With Murray and Stratton spending two weeks at the reportedly haunted 18th century Rhode Island farmhouse that inspired the 2013 horror movie The Conjuring alongside the Whelptons and meeting with current homeowners Cory and Jennifer Heinzen, the investigation left Stratton with a "weird feeling" despite the location being so iconic. As history would reveal for the team in their research, the home is also situated around the sites of King Philip's War, an armed conflict in the mid-1600s between indigenous inhabitants and New England colonists and their indigenous allies.
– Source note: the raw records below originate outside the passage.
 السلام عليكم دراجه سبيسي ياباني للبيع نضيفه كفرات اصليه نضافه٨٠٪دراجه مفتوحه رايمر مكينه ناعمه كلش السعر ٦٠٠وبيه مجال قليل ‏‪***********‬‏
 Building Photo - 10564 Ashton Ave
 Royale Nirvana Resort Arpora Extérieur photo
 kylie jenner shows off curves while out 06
Not to mention, allegedly haunted by the spirit of Bathsheba Sherman, one of the home's first inhabitants from the 1800s who was rumored to be a witch after locals reported the mysterious disappearance of her infant, per reports from History vs. Hollywood

"You don't want to have too many expectations when you go in. Like Brian and I don't like to have expectations when we go to a location anyway because you don't know what's going to happen," Stratton said in the conference call with Murray. "But you kind of have to push down the feelings of like you're nervous or like anything could happen at any moment and hyping it up so much. And if you look at it as a location, it's got a creepy, like a cabin in the woods, feel to it. But it's eerily cozy, it sounds crazy, I've told people multiple times like, this house is the most peaceful, active location I've ever been to. During the day when the sun's shining, it's quiet, activity will be happening. But still... I don't know if it's like, I'm sitting on the back porch drinking coffee and I'm at peace, and then all of a sudden we're seeing a shadow out the corner of our eye that's in the library."
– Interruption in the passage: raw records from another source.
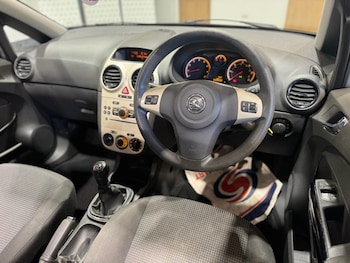Used Vauxhall Corsa 2010 for sale - 79291814: Photo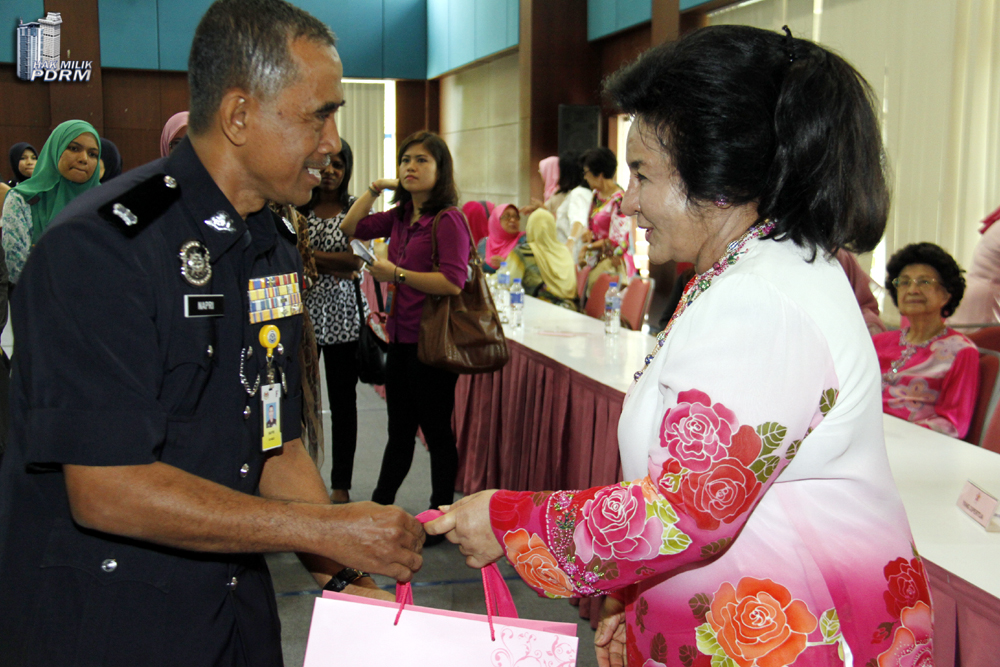 Bakti Sumbang Bungkusan Hari Raya Kepada Pasukan Keselamatan Negara
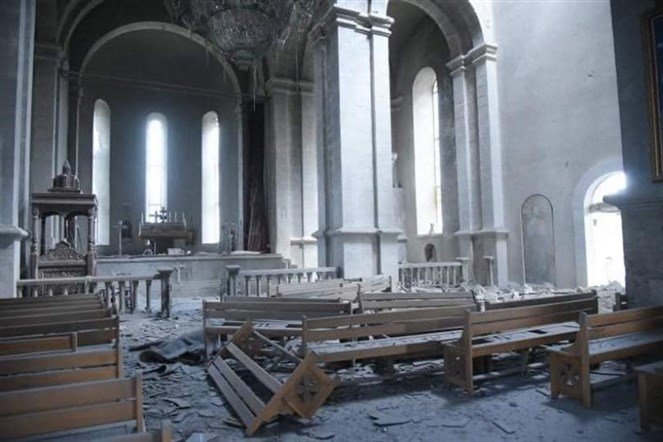حجم الدمار الذي أصاب الكاتدرائية في ناغورنو قره باغ بالفيديو والصور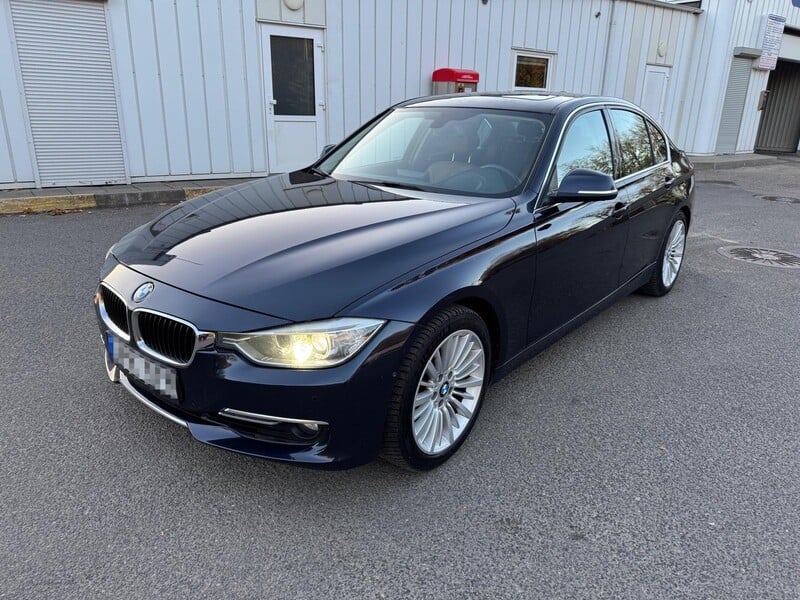 Photo 1 - Bmw 320 2013 y Sedan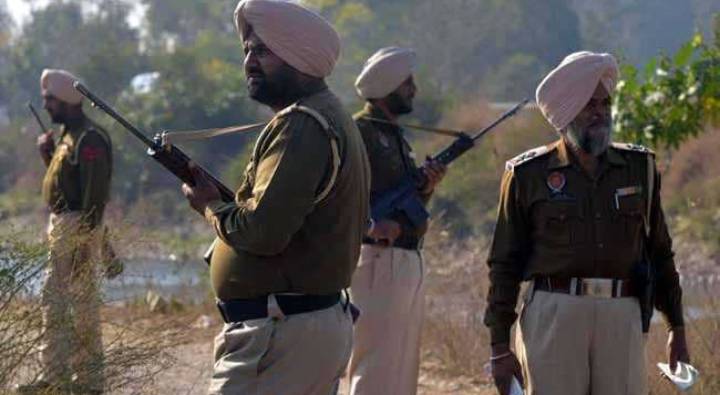 IND-PAK : మ్యాచ్‌కు ముందు పట్టుబడిన ఇద్దరు లష్కరే ఉగ్రవాదులు.. భారీ కుట్రకు పన్నాగం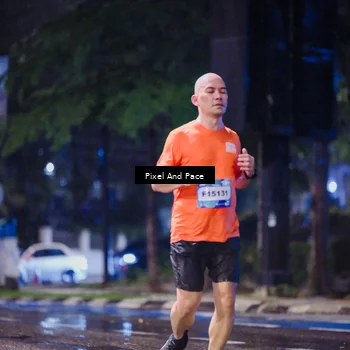 Runner Photo 7835708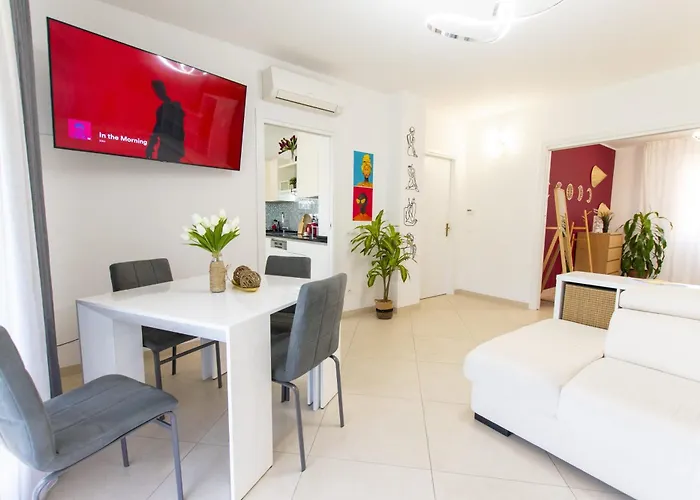 We Home - Larga32 House Bologna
Following claims of doors opening, footsteps and knocks along with disembodied voices and shadow figures, Murray and Stratton with the Whelptons discover plenty more activity when utilizing the spirit box on one of their investigations during their two-week stay. The device, which creates white noise by constantly cycling through various radio frequencies, reportedly allows spirits to communicate in a direct manner as seen in the movie. During a moment during their investigation, the team while with the Heinzens, attempt to make a connection with the spirits in the dining room using the spirit box by asking questions only those in the room would know. 

Sharing how in their technique the team set the box to AM and played it backward, Murray says what investigators want to look for when using a device like this is "full sentences" and anything that pertains to real-time occurrences. "It sweeps over different radio frequencies, and if you can get full sentences with the same voice, then you have to look at it as something a little bit odd," he said. "[But] if you got the opportunity to try different things, it never hurts. And that situation, it had worked for Cory and Jen [Heinzen] for the last year and a half that they've owned the property, so they said, let's try it, and we were bored, let's give it a go, let's see what it amounts to. And there's some cool things that happened with that stuff that we couldn't explain."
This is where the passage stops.